We all stood on one side of the room and the rope was strung across the length of the hut, about a foot off the floor. Two senior Scout leaders then got the lads to jump over the rope one at a time, signifying their passage from one world to another, i.e our “world” of Cubs to the new world of Scouts.
This has always stuck in my mind as a very clever, yet simple way of making a point and making it clear to children what the meaning signified.
Recently I’ve been having hypnotherapy and one of the things I’ve realised from this is that I purposely held back from jumping the rope for most of my life as I got older.
My family were uber dysfunctional, presided over by a self obsessed, spiteful matriarch and a father who was loyal to his wife no matter how badly she treated both him, his children and his own parents. This was a choice to prevent her leaving home, but like Veruca Salt, the more you give people, the more they think they are entitled to and the less they think they’re actually getting.
Seeing just how miserable life was for “grown ups” when I was a child and a teenager I made a sub conscious decision to avoid joining their world as long as possible, if not for ever.
Problems arise when you see just how much worry parents pour over issues such as money, mortgages, holidays or even who’s cooking dinner. The stress and anxiety that this life brought to my parents, and in particular my mother, put me off ever wanting to be a part of it. My old dear’s philosophy was that you should buy a house as soon as possible and then save every penny you had so that, by the age of 50 you would then be secure.
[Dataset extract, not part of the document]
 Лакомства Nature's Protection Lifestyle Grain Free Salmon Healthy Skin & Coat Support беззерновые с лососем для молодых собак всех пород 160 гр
This seemed farcical even at the time and despite the fact that both she and my father had good, well paying jobs, money was an issue she constantly whined about. One of her other beliefs was that you should save and save and save…so that every 5 years you could buy a new car.
Whoopee fucking do!
While money had indeed been tight when my parents married in 1967, her mindset of “never having enough” and “buying the next but cheapest item” continued well after it needed to and she continued to perpetuate the myth of being impoverished, when we blatantly weren’t.
Another thing that put me off was that the social life of a married couple seemed to be hardly ever going out and occasionally inviting friends over for dinner, or being invited to dinner.
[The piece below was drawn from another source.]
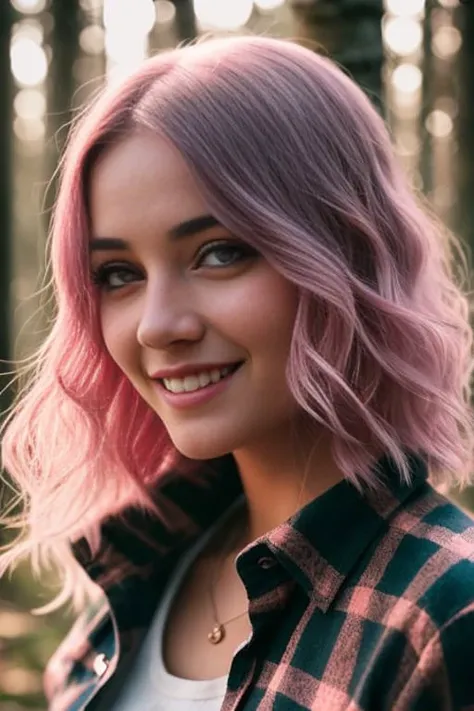 portrait of a beautiful [girl | woman] with pink hair in a red plaid shirt standing in the forest, wispy hair, contrast, texture, realism, high quality, film grain, Fujifilm XT3, insane details, intricate details, hyperdetailed, soft cinematic light, adobe lightroom, photolab, intricate, highly detailed, muted colors, insane details, intricate details, hyperdetailed, soft cinematic light, adobe lightroom, photolab, intricate, highly detailed, muted colors, masterpiece, (close up portrait of a smiling girl) , (backlighting), (intricate, octane render, highly detailed, 8k, hdr, uhd, high quality, professional, Unreal engine,Trending on artstation), lens flare, shade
Why, I thought, would I want to put myself in such boring misery? To be trapped in a house I would spend 25 years paying for where even a trip to a restaurant would seem like a lavish excess.
A fly in the ointment was the type of friends my parents had. One particular revolting creature named Gloria used to come round our house wearing tight black leather trousers (she had about a 42 inch waist)***. She talked down to me, my brother and even my mother and was an ignorant, opinionated dog.
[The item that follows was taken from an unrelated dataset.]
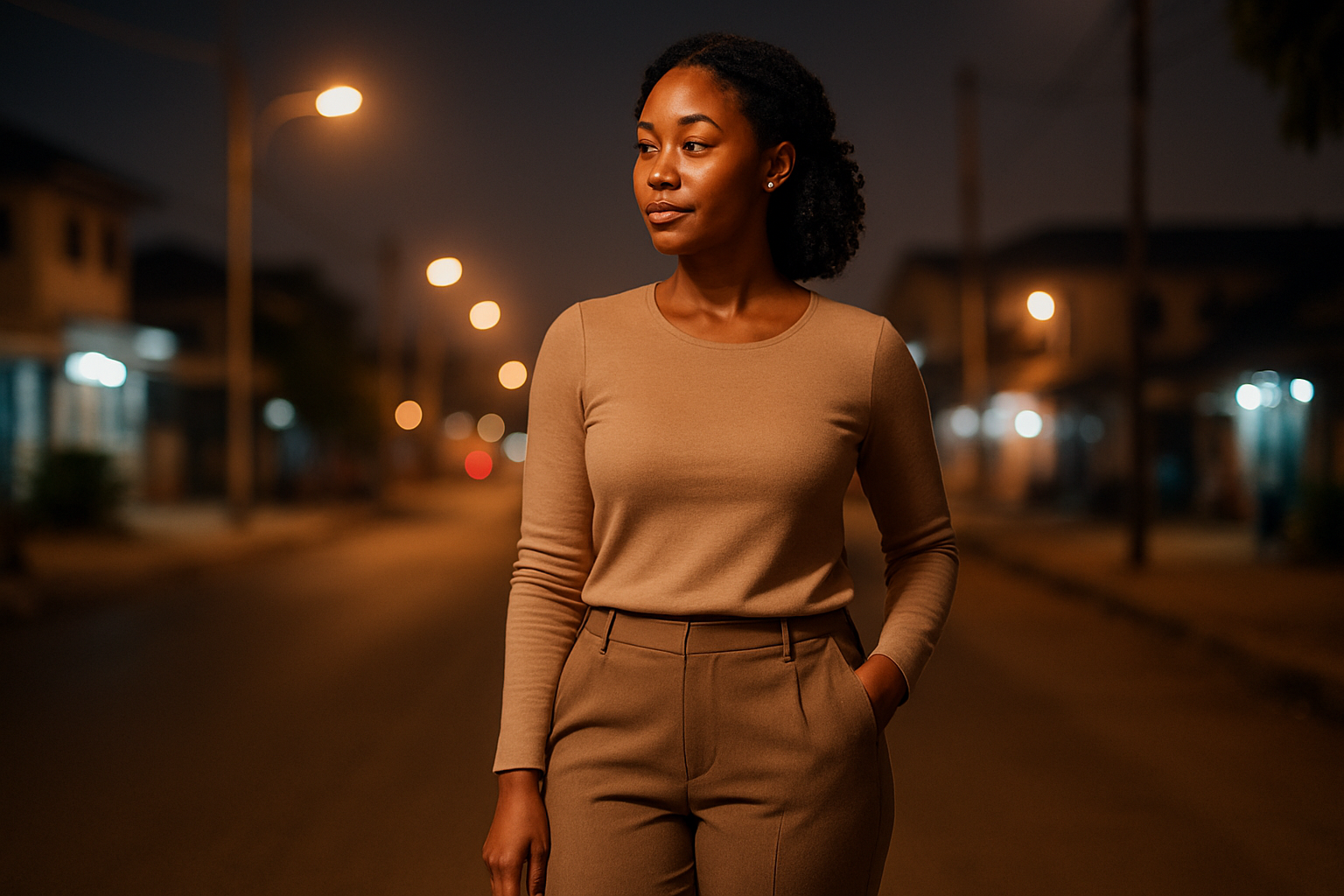 Adult woman in a polished weekend outfit against Tema city lights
Two other friends were, years later, described by my father as “those two boring buggers”. Turned out that my parents didn’t actually like them, but didn’t have the courage or were too embarrassed to simply cut the rope. They would lament how boring these two were**** and how the woman was a lousy cook. This seemed to me to be a living nightmare. Having to spend most nights at home due to not having enough money, and some of the precious free time you actually had, would be spent in the presence of people you didn’t even like but couldn’t tell them so for fear of causing offence.
A skint, boring, stressful, anxious, restricted and limited life was what I believed awaited me as an adult doing adult things in an adult world.
The abuse my mother put my way as I grew up also made me realise that getting a job that I wanted (her job meant more to her than anything else, including her family. She actually said this on more than one occasion) would result in stress, viciousness, bullying, tantrum throwing and taking my bad moods out on my children. I didn’t want to bring kids into a world where they would be treated like that. I also didn’t want to be trapped in a job that was my only sense of self worth or to be so stressed out doing it that I became a tyrant as a direct result of doing it.
All in all, the world of adults seemed scary, unpleasant and unfulfilling. Remaining childlike (albeit not necessarily childish) was a way of avoiding the horrendous misery and despair that I had linked to the world that awaited me once my full time education was over.
Jumping over the rope was not something I was willing to do.
Now...just need to get my left knee repaired (recent Krav Maga grading) and I might take a running jump at it.
** Now more of a unisex world where girls can join in too. Part of me still thinks this sucks.
*** I've actually had counselling about seeing her in these. No I'm not joking
**** Also not nice people. The husband once proudly told me that he was on jury service and they found the accused guilty as they were bored and wanted to go home after the trial went on for 2 weeks.